Question

How do you solve 5x – 4 = 21?

Answer 1

Hint: We are asked to find the solution of 5x – 4 = 21. Firstly, we learn what the solution of the equation means is then we will learn what a linear equation in 1 variable term is. We use a hit and trial method to find the value of ‘x’. In this method, we put the value of ‘x’ one by one by hitting arbitrary values and looking for needed values. Once we work with the hit and trial method we will try another method where we apply algebra. We subtract, add or multiply terms to get to our final term and get our required solution. We will also learn that doing the questions using algebraic tools makes them easy.
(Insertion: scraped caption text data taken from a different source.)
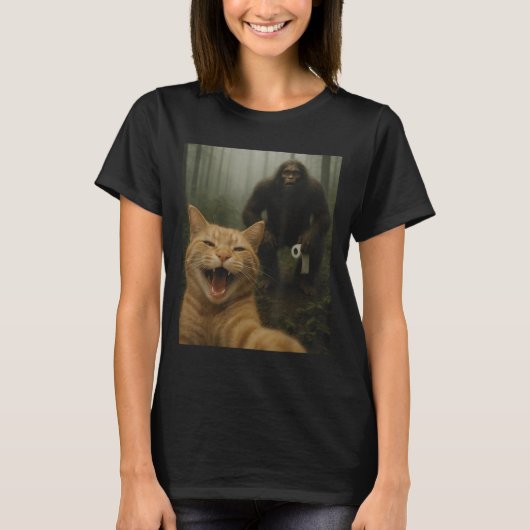 Bigfoot Sasqおもしろいで猫が幸せな自撮りを驚く Tシャツ (正面)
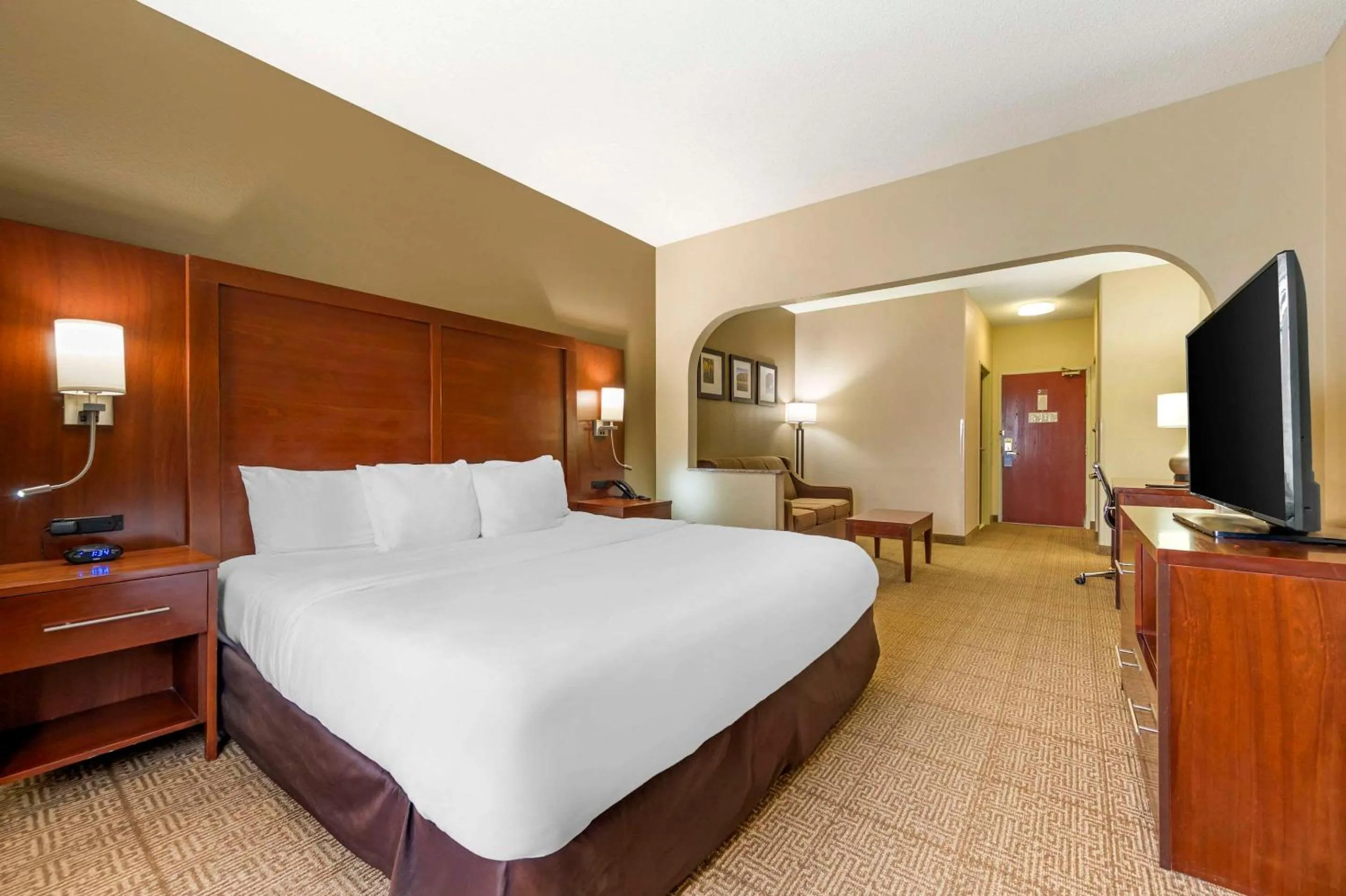 Bedroom, Bed in Comfort Suites Castle Rock - Denver South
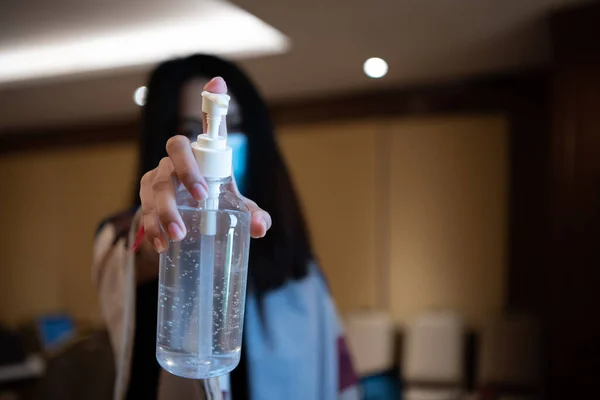 Asiatisk Kvinna Bär Mask Och Alkohol Antibakteriell Hand Gel Andningsskydd — Stockfoto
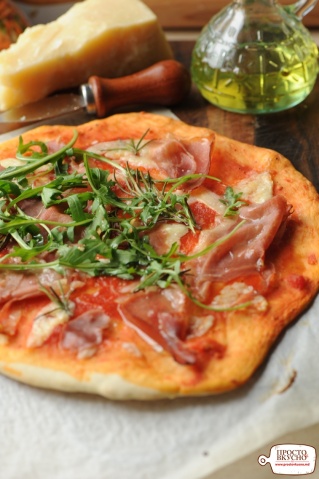 Просто&Вкусно - Mâncăruri - Pizza cu prosciutto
Complete step-by-step solution:
We are given that we have 5x – 4 = 21 and we are asked to find the value of ‘x’ or we are asked how we will be able to solve this expression. A solution of any problem is that value which when put into the given problem then the equation is satisfied. Now we will learn about the equation on one variable. One variable simply represents the equation that has one variable (say x, y, or z) and another one constant. For example x + 2 = 4, 2 – x = 2, 2x, 2y, etc. Our equation 5x – 4 = 21 also has just one variable ‘x’. We have to find the value of ‘x’ which will satisfy our given equation. Firstly we try by the method of hit and trial. In which we will put a different value of ‘x’ and take which one fits the solution correctly.
We have 5x – 4 = 21. We will put x = 0 in 5x – 4 = 21. We get,
\[5\left( 0 \right)-4=21\]
\[\Rightarrow -4=21\]
This is not true. So, x = 0 is not the solution.
We will put x = 1 in 5x – 4 = 21. We get,
\[5\left( 1 \right)-4=21\]
\[\Rightarrow 5-4=21\]
On simplifying, we get,
\[\Rightarrow 1=21\]
This is not true. So, x = 1 is not the solution.
As we can see that this is increasing on the left side. So, we are moving in the right direction.
We will put x = 3 in 5x – 4 = 21. So, we get,
\[5\left( 3 \right)-4=21\]
\[\Rightarrow 15-4=21\]
On simplifying, we get,
\[\Rightarrow 11=21\]
This is not true. So, x = 3 is not the solution.
We will put x = 5 in 5x – 4 = 21, so we get,
\[5\left( 5 \right)-4=21\]
\[\Rightarrow 25-4=21\]
\[\Rightarrow 21=21\]
This is true. So, x = 5 is the solution.
In this method, we need to check whether we are moving on the right path or not every time by checking the distance between the right side and the left side so this makes it a little time consuming. We have another way in which we use algebraic tools to solve the problem.
We have 5x – 4 = 21
We add 4 on both the sides, so we get,
\[\Rightarrow 5x-4+4=21+4\]
On simplifying, we get,
\[\Rightarrow 5x=25\]
Now, we divide both the side by 5, so we get,
\[\Rightarrow \dfrac{5x}{5}=\dfrac{25}{5}\]
On simplifying, we get,
\[\Rightarrow x=5\]
Hence the solution is x = 5.

Note: Remember that, we cannot add the variable to the constant. Usual mistakes like this where one adds constants with variables usually happen. For example, 3x + 6 = 9x, here one added ‘6’ with 3 of x made it 9x, this is wrong, we cannot add constant and variable at once. Only the same variables are added to each other. When we add the variable the only constant part is added or subtracted variable remains the same. That is 2x + 2x = 4x error like doing it \[2x+2x=4{{x}^{2}}\] may happen. So, be careful there. Remember when we divide a positive term by a negative value the solution we get is a negative term this may happen that we skip – sign. We need to choose the best techniques as per the question if the question is defined using variable only time so hit and trials would be ok but if the equation has more time variable then we go for the arithmetic tool.